Citation Guides

APA Citation Guide

The APA stands for the American Psychological Association and is most often used for citing sources in the social sciences. It's style is unique, in order to make it easier to find the sources used in any text. The style was first created in 1929, and the latest revision was in 2009. The creation of this citation method means that there is less bias included in your word choice while writing, making scientific papers unbiased and based solely in facts.

APA Basics: Quick Guide

Book

Structure: Last, F. M. (Year Published). Book. City, State: Publisher.

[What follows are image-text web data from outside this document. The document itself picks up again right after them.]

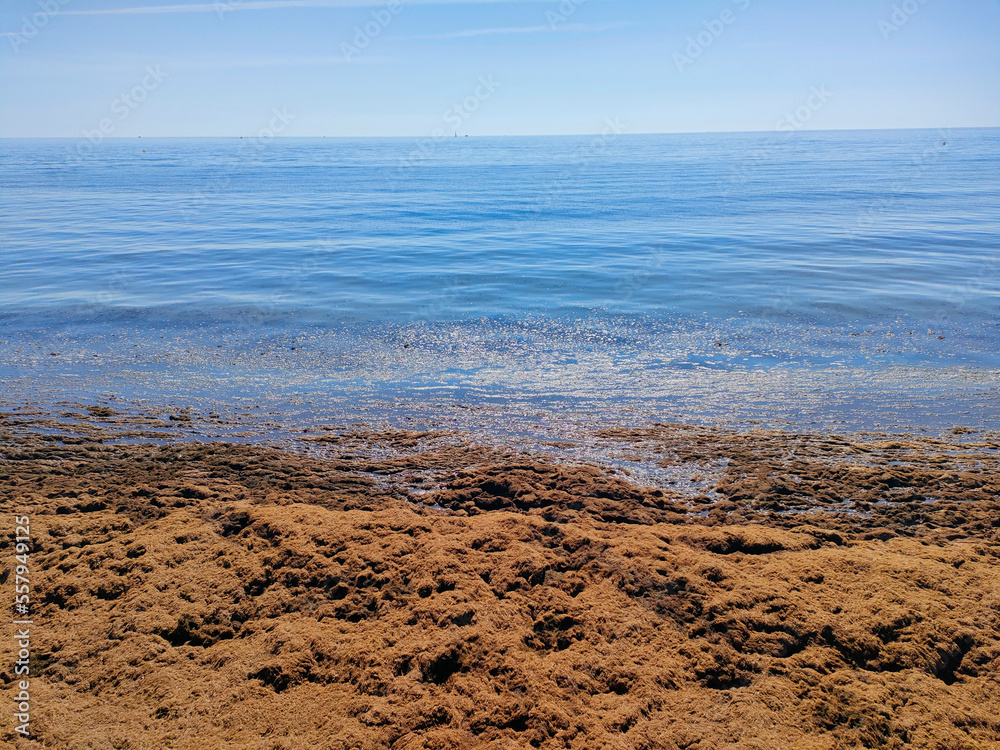algae infestation on a beach in Marbella, Spain algae infestation on a beach in Marbella, Spain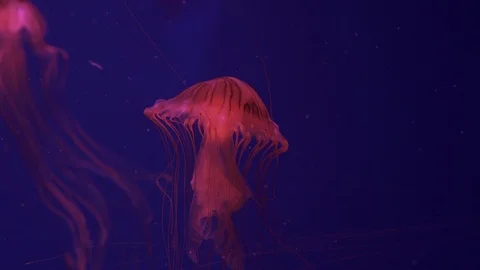 A jellyfish compass is floating in the ocean. Stock Footage 125581120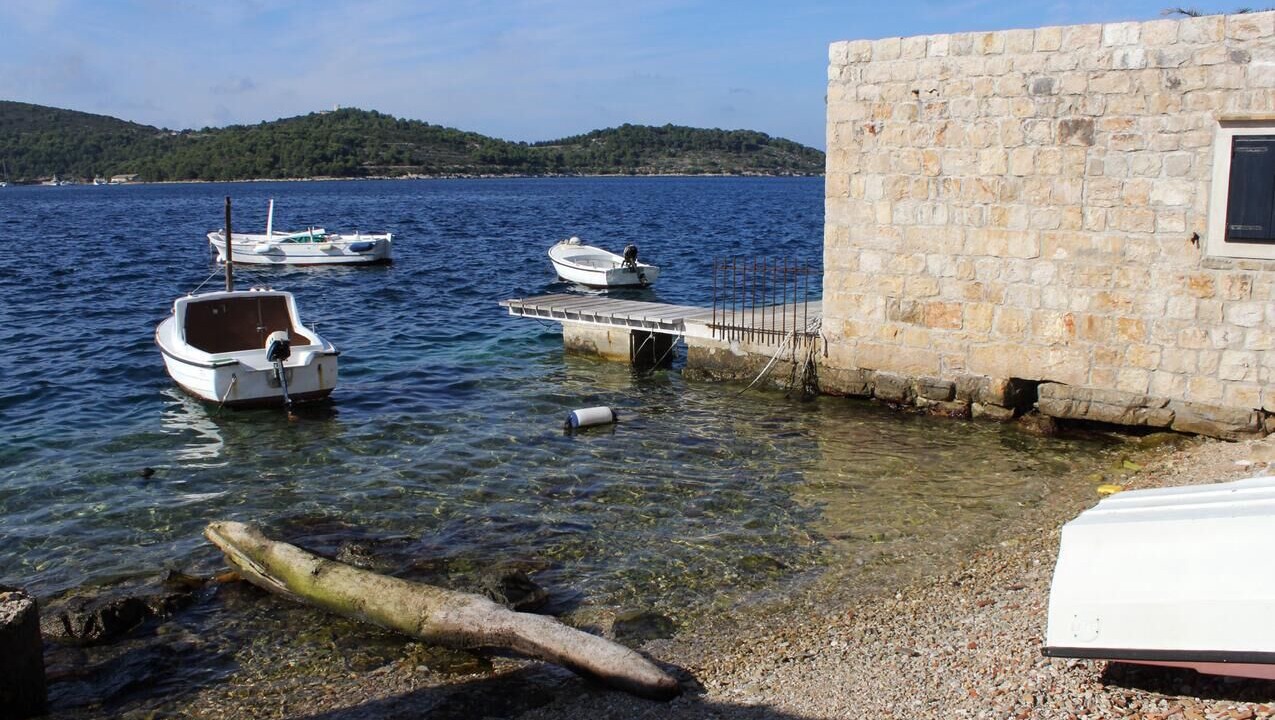 Photo of Others in Vis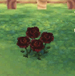 Black rose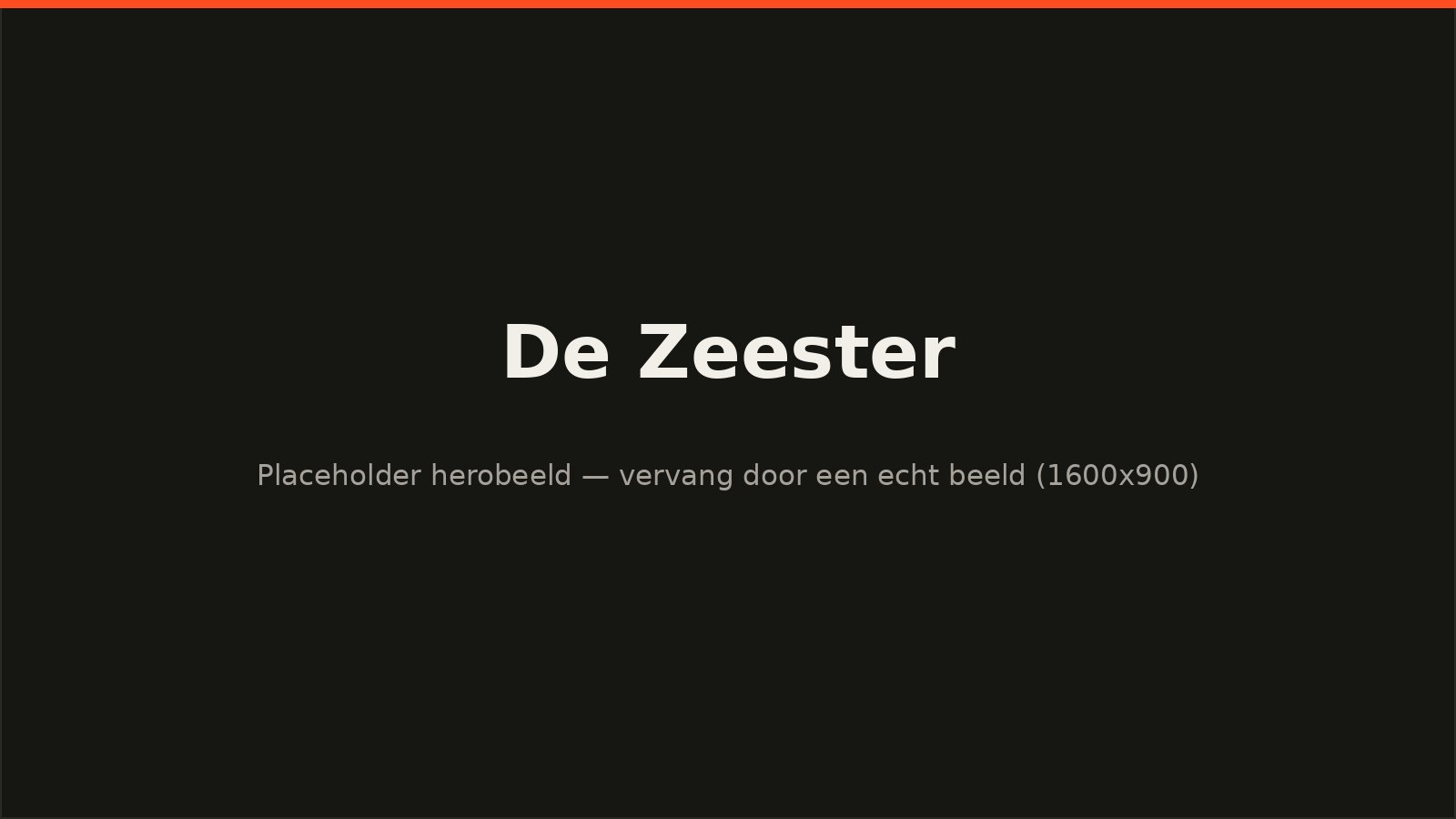 Sfeerbeeld van het project voor De Zeester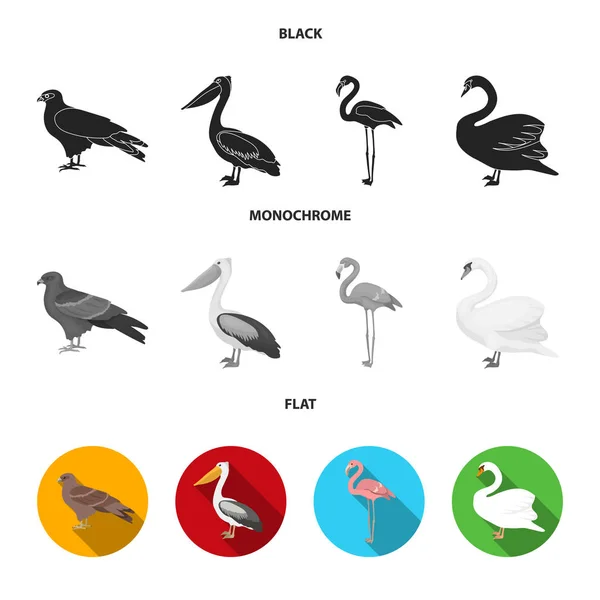Kite, pelican, flamingo, swan. Birds set collection icons in black, flat, monochrome style vector symbol stock illustration web.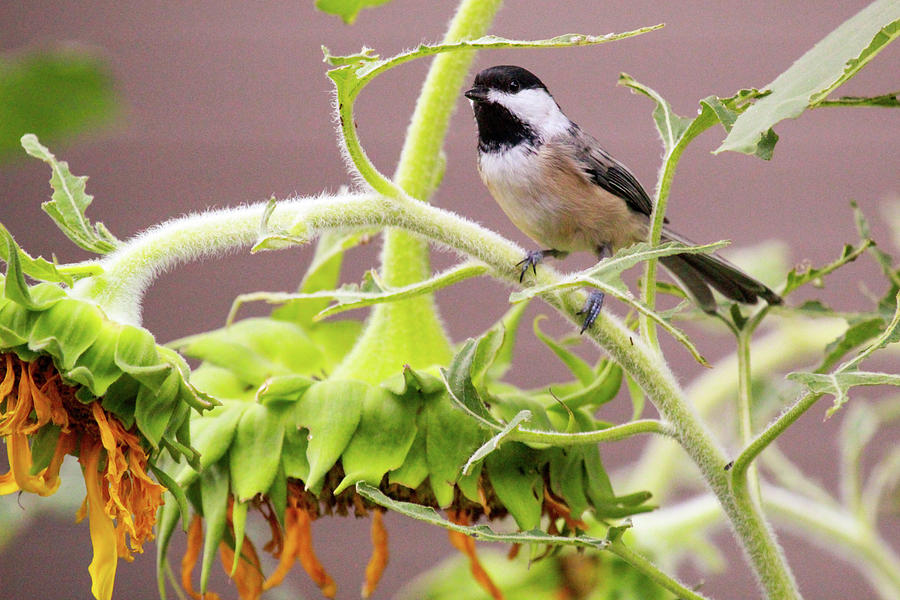 Little Chickadee Photograph by Roy Wenzl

Example: Pegrum, M. (2009). From blogs to bombs: The future of electronic technologies in education. Crawley, W.A: UWA Publishing.

Chapter/Anthology

Structure: Last, F. M. (Year Published). Section title. In F. M. Last (Ed.), Book/Anthology (Edition, Page(s)). City, State: Publisher.

Example: Groundwater-Smith, S. (2007). As rain is to fields, so good teachers are to students. In S. Knipe (Ed.), Middle years schooling:  Reframing adolescence (pp. 151-170). Frenchs Forest, N.S.W: Pearson Education Australia.

Magazine

Structure: Last, F. M. (Year, Month Date Published). Article title. Magazine Title, Page(s).

Example: Allen, L. (2004, August). Will Tuvalu disappear beneath the sea? Global warming threatens to swamp a small island nation. Smithsonian, 35(5), 44-52.

Newspaper

Structure: Last, F. M. (Year, Month Date Published). Article title. Newspaper Title, Pages(s).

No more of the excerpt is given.